Let’s keep it simple

  1. Profitable Q3 driving investor confidence in it’s long term success
  2. Opportunity in China with a new $2 billion factory that will manufacture the more affordable Model 3. This will make the electric car accessible to the everyday person.
  3. Now worth $93 billion in market cap, it is bigger than Ford and GM ; two giants in the automotive industry.
  4. 50% increase in output (electric cars) in 2019
  5. Speccies – speculators trying to grab onto a quick profit as Tesla’s stock price increases. A very risky move. Not so much a cause but a result of the rally.

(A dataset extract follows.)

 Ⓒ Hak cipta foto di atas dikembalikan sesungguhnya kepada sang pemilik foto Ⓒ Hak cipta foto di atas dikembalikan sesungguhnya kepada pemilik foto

Early birds are now very rich

At IPO Tesla’s share price was $17, and climbed to $19.70 in it’s first days of trading. If you bought Tesla at this price I have no doubt you’d be already sorting out your retirement  (assuming you haven’t sold yet). After speaking with some people who had invested with Tesla, it seems as though many had sold between $200-350 as the share price seemed to have reached it’s ceiling. Now, if you had bought 2353 shares at $17 totalling to $40k exactly – you would now be sitting on roughly $1,232,972 USD. Not bad right…. Even investing $40,000 late last year at $350, would have made you an extra $20,000 including brokering fees. It is quite remarkable how the market will always find a way to surprise even the most experienced investors. In this case, the risk has definitely reaped it’s rewards for investors brave enough.

The information above should not be taken as financial advice. Youth Investment Group has no liability for personal financial interests or investment decisions. You should make your own investment decisions based upon your own research and what you believe is best for you.